Gandhi was not surrounded by many political components, but only a
feeble voices here and there. But Mandela had to fight alone and the
way he came out of solitary confinement for 27 years, in one piece,is
beyond ordinary mortals.
South Africa continues to face a big challenge in these times. It was
not as if, hatred and distrust erased completely but he was the one
single force , which managed to keep it under control.
Gandhi rightly said that poverty is the worst form of violence and if
the status of the so called majority in the rainbow nation is anything
to go by, it requires great leadership from ANC to keep the party and
country together.

from:  fathima
Posted on: Dec 8, 2013 at 23:13 IST

“What I will remember most about Mr. Mandela is that he was a man whose heart, soul, and spirit could not be contained or restrained by racial and economic injustices, metal bars, or the burden of hate and revenge. He taught us forgiveness on a grand scale.”

Mohamed Ali

The messiah who carried destiny on his shoulders used his life for the growth and strength of his character.

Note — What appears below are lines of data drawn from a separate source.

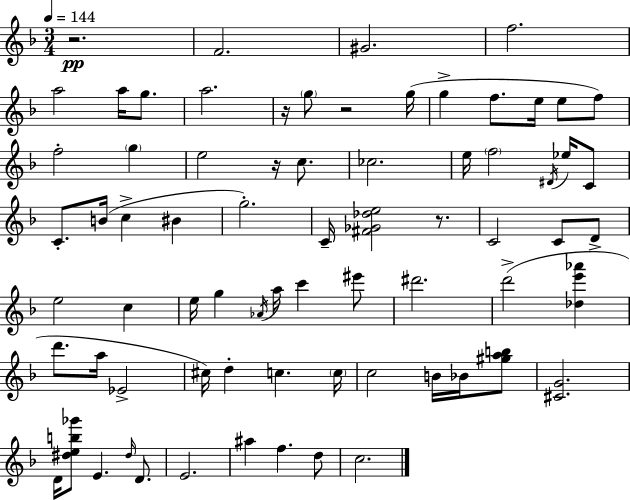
{
  \clef treble
  \numericTimeSignature
  \time 3/4
  \key f \major
  \tempo 4 = 144
  r2.\pp | f'2. | gis'2. | f''2. | \break a''2 a''16 g''8. | a''2. | r16 \parenthesize g''8 r2 g''16( | g''4-> f''8. e''16 e''8 f''8) | \break f''2-. \parenthesize g''4 | e''2 r16 c''8. | ces''2. | e''16 \parenthesize f''2 \acciaccatura { dis'16 } ees''16 c'8 | \break c'8.-. b'16( c''4-> bis'4 | g''2.-.) | c'16-- <fis' ges' des'' e''>2 r8. | c'2 c'8 d'8-> | \break e''2 c''4 | e''16 g''4 \acciaccatura { aes'16 } a''16 c'''4 | eis'''8 dis'''2. | d'''2->( <des'' e''' aes'''>4 | \break d'''8. a''16 ees'2-> | cis''16) d''4-. c''4. | \parenthesize c''16 c''2 b'16 bes'16 | <gis'' a'' b''>8 <cis' g'>2. | \break d'16 <dis'' e'' b'' ges'''>8 e'4. \grace { dis''16 } | d'8. e'2. | ais''4 f''4. | d''8 c''2. | \break \bar "|."
}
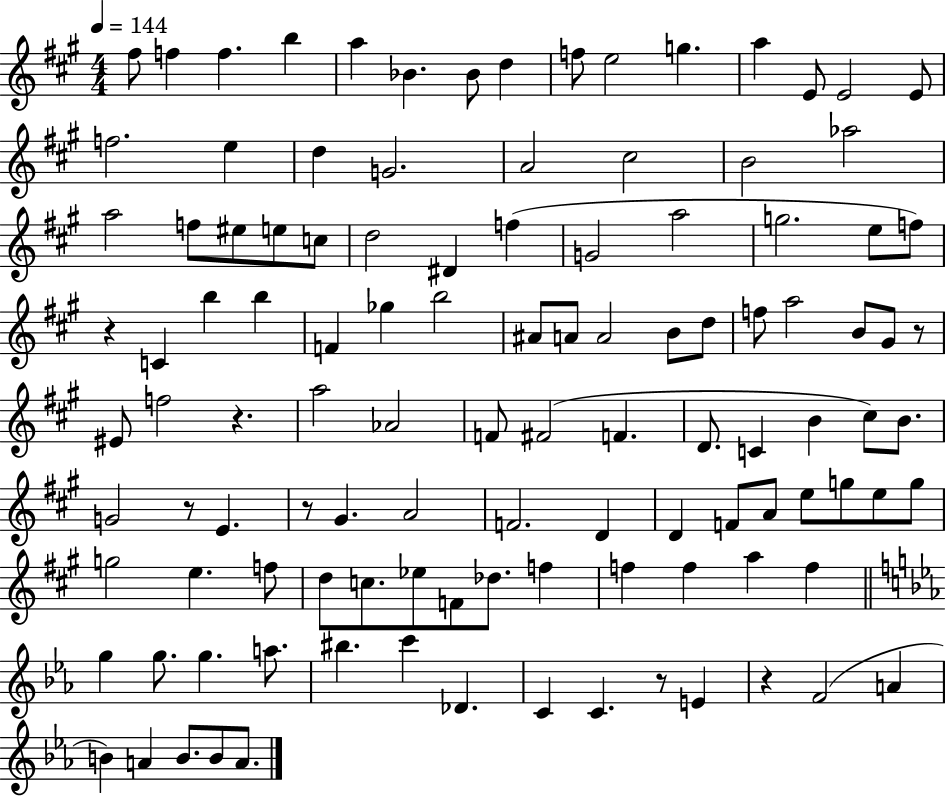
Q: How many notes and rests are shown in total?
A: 113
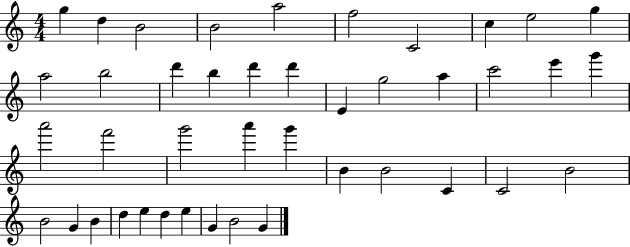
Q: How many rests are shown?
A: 0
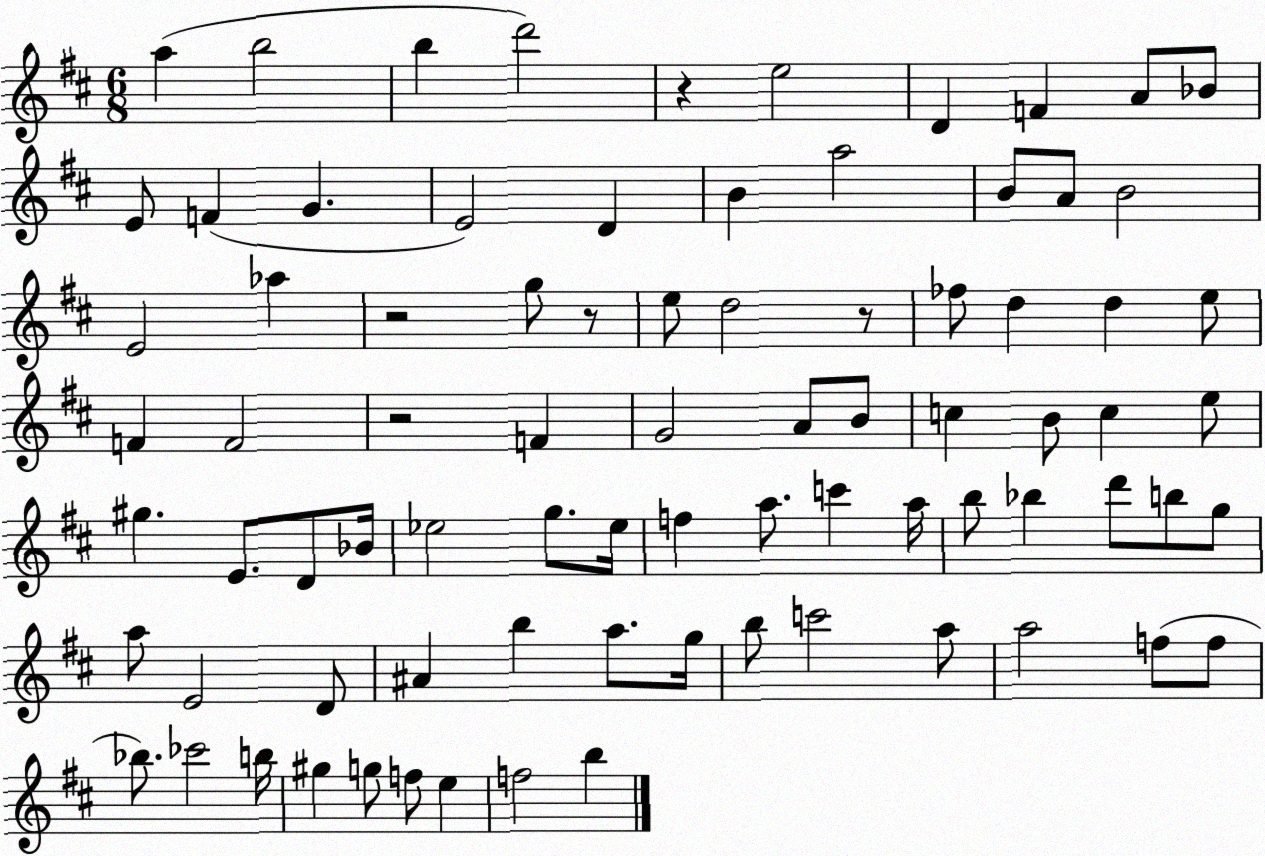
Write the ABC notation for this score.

X:1
T:Untitled
M:6/8
L:1/4
K:D
a b2 b d'2 z e2 D F A/2 _B/2 E/2 F G E2 D B a2 B/2 A/2 B2 E2 _a z2 g/2 z/2 e/2 d2 z/2 _f/2 d d e/2 F F2 z2 F G2 A/2 B/2 c B/2 c e/2 ^g E/2 D/2 _B/4 _e2 g/2 _e/4 f a/2 c' a/4 b/2 _b d'/2 b/2 g/2 a/2 E2 D/2 ^A b a/2 g/4 b/2 c'2 a/2 a2 f/2 f/2 _b/2 _c'2 b/4 ^g g/2 f/2 e f2 b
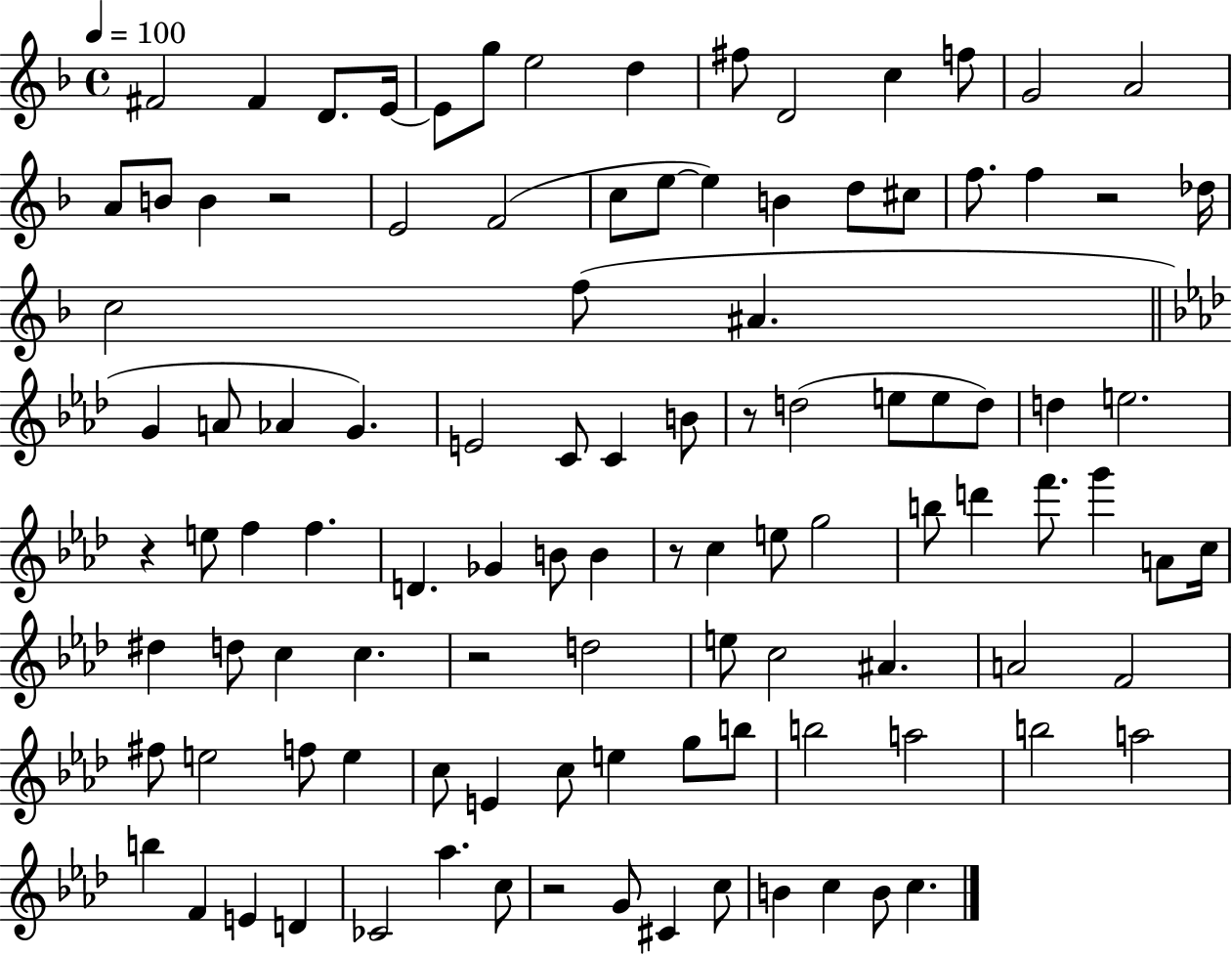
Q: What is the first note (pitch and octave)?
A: F#4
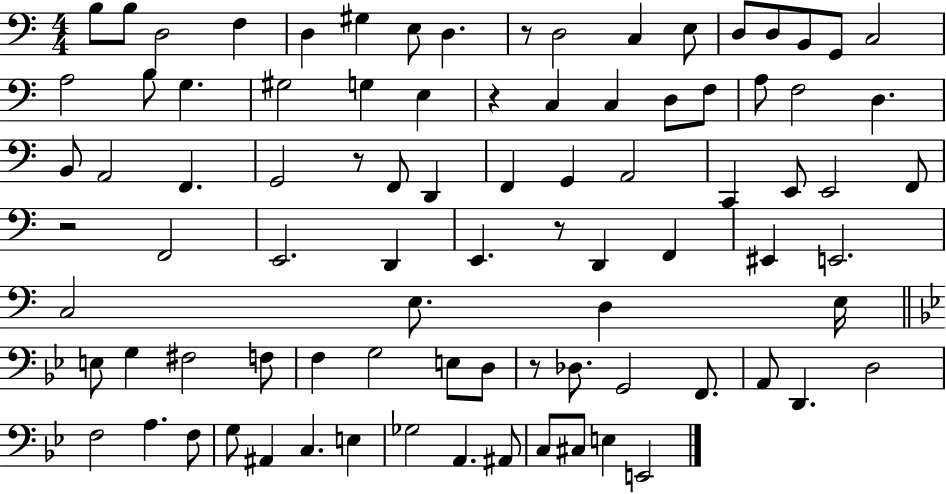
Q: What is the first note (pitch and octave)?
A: B3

To usher in an era not through retribution but with reconciliation needs moral courage and that is what made him great as he used that courage to rebuild his nation.Democracy according to him should be rooted in tolerance.
His wisdom taught him that reconciliation should be accompanied with justice and peace with forgiveness.
Unpretentiousness was the essence of his personality and along with his humor and optimistic attitude he took on the challenges of a shattered nation beleaguered by inequality and poverty.
He used his power for transformation without succumbing to the trappings of control and vainglory.